Split your available memory into two halves. Use one as a 4-bit counting Bloom filter and the other half as a fixed size hash table with counts. The role of the counting Bloom filter is to filter out rarely occuring words with high memory efficiency.
Check your 1 TB of words against the initially empty Bloom filter; if a word is already in and all buckets are set to the maximum value of 15 (this may be partly or wholly a false positive), pass it through. If it is not, add it.
Words that passed through get counted; for a majority of words, this is every time but the first 15 times you see them. A small percentage will start to get counted even sooner, bringing a potential inaccuracy of up to 15 occurrences per word into your results. That's a limitation of Bloom filters.
When the first pass is over, you can correct the inaccuracy with a second pass if desired. Deallocate the Bloom filter, deallocate also all counts that are not within 15 occurrences behind the tenth most frequent word. Go through the input again, this time accurately counting words (using a separate hash table), but ignoring words that have not been retained as approximate winners from the first pass.
Notes
The hash table used in the first pass may theoretically overflow with certain statistical distributions of the input (e.g., each word exactly 16 times) or with extremely limited RAM. It is up to you to calculate or try out whether this can realistically happen to you or not.

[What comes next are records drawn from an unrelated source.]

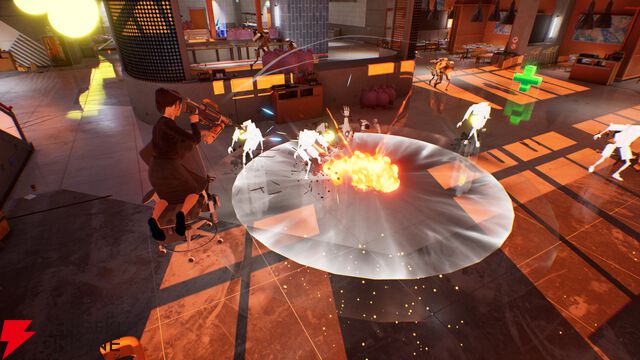 オフィスチェアに乗って暴れろ！ 会社員暴走アクション『Last Man Sitting』Steam配信開始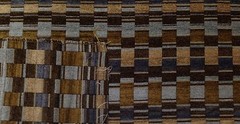 MILL CREEK MODE PRUSSIAN GEOMETRIC MODERN CHENILLE FURNITURE FABRIC BY THE YARD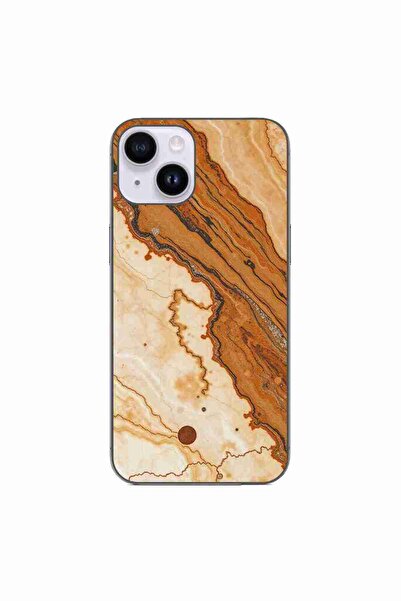 OEM Case compatible with Apple iPhone 15 Silicone Gel Tpu Model Caramel Marbl...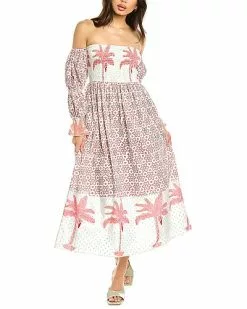 Ash & Eden Saira Midi Dress Women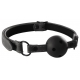 Renegade black pierced ball gag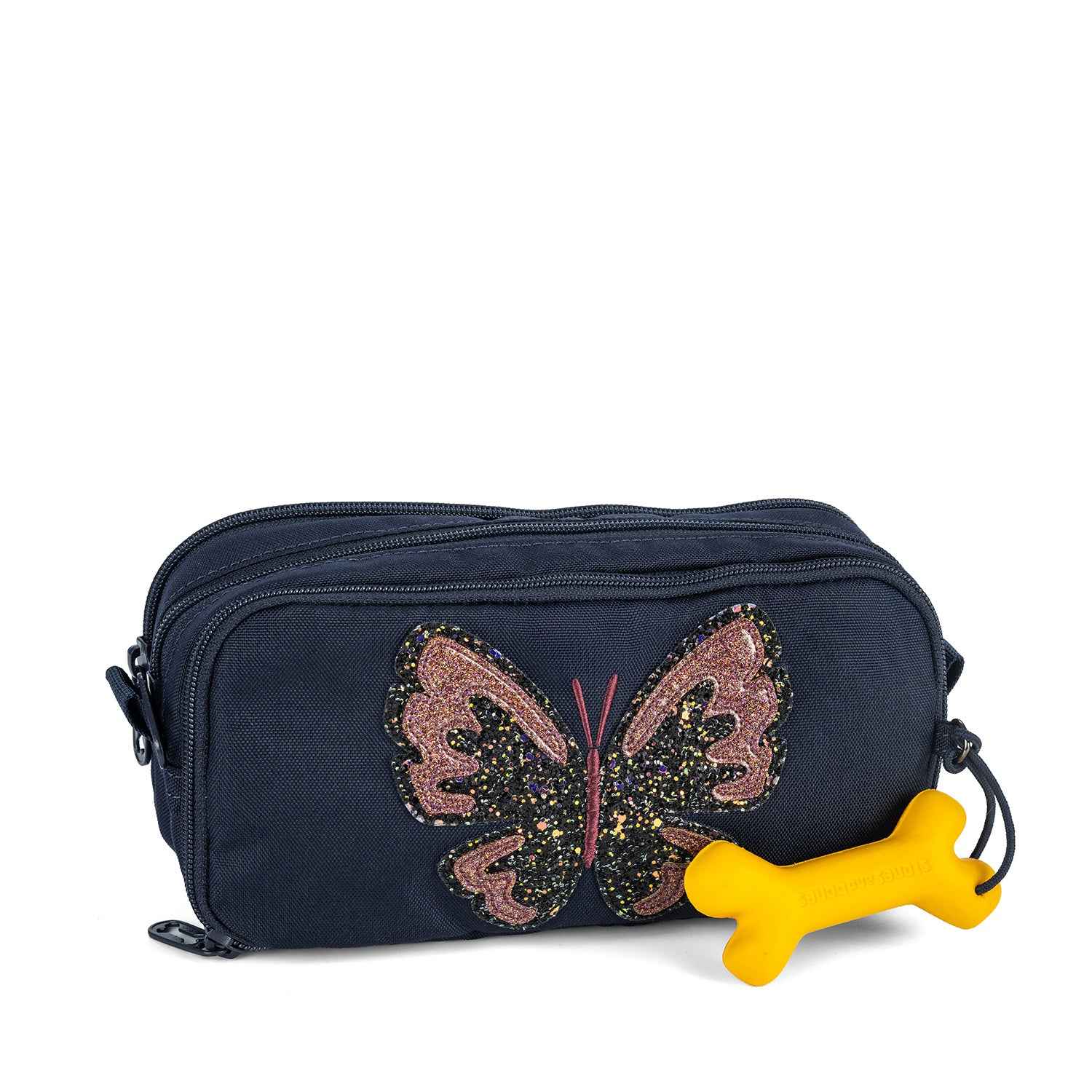 Stones and Bones | Pennenzak Rowan 2.0 - Glitter Butterfly Navy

Note also that the bucket width (4 bits in the above description) is just a parameter of the construction. A non-counting Bloom filter (bucket width of 1) would filter out most unique words nicely, but do nothing to filter out other very rarely occuring words. A wider bucket size will be more prone to cross-talk between words (because there will be fewer buckets), and it will also reduce guaranteed accuracy level after the first pass (15 occurrences in the case of 4 bits). But these downsides will be quantitatively insignificant until some point, while I'm imagining the more aggresive filtering effect as completely crucial for keeping the hash table in sub-gigabyte sizes with non-repetitive natural language data.
As for the order of magnitude memory needs of the Bloom filter itself; these people are working way below 100 MB, and with a much more challenging application ("full" n-gram statistics, rather than threshold 1-gram statistics).